Auxiliary intravesical treatment can lower the relapse and development rates of NMIBC in the meantime of inducing local and systemic adverse reactions. In terms of the toxic effects, chemical cystitis, hematuria, skin reaction, and liver and kidney function damage were observed in 0–30% cases of each group. The frequency of these side effects of GEM arm markedly decreased compared with that of MMC arm. Such findings validated that, chemical cystitis, the irritable symptom in lower urinary tract, stands for the typical MMC side reaction [31]. GEM led to minimal local toxicity, which was self-resolved rapidly. By contrast, MMC treatment resulted in the more serious local toxicity that required treatment delay. On the other hand, economic influence is also a factor potentially affecting the treatment decision-making. Recently, the mean sales price for 40 mg MMC markedly increases compared with that for 2 g GEM, suggesting that the GEM-based intravesical chemotherapy is advantageous over MMC in price [32].

Some limitations should be noted in the current meta-analysis: 1) the risk of tumor relapse was not compared between GEM and MMC of Ta or T1 group due to the limited total sample size, so more high-quality RCTs should be carried out. 2) The administration does and schedules of these two agents were similar among those five enrolled studies, but the conclusion might be disturbed by the clinical heterogeneity because of the differences in operating methods, like whether the positional changes were allowed, as well as the duration of each infusion. 3) All included RCTs in the current review did not apply the double-blinding method, which might potentially impact our results. 4) The publication bias was not totally ruled out, which possibly led to conclusion distortion.

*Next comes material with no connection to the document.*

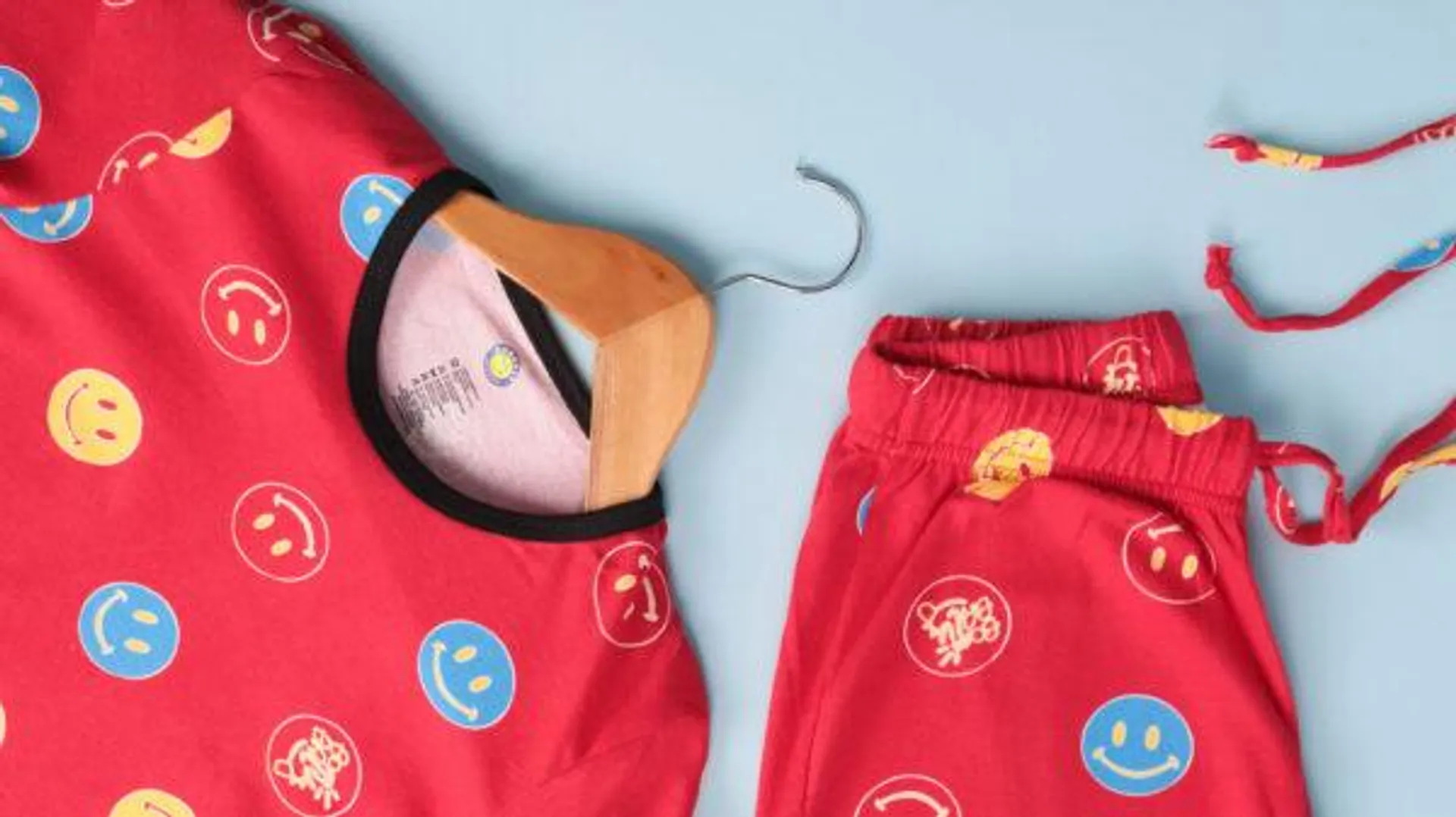 PIJAMA GLOW CARITAS ROJO NIÑA M/L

In conclusion, our meta-analysis supports that GEM can be a potential agent of intravesical therapy with better efficiency than MMC in preventing recurrence of patients with non-muscle invasive bladder cancer after TUR. At the same time, we observed that GEM produce lower local toxic effects than MMC during intravesical therapy. In addition, more studies are needed to examine the GEM safety, and more high-quality RCTs are warranted to validate our conclusions due to the limitations.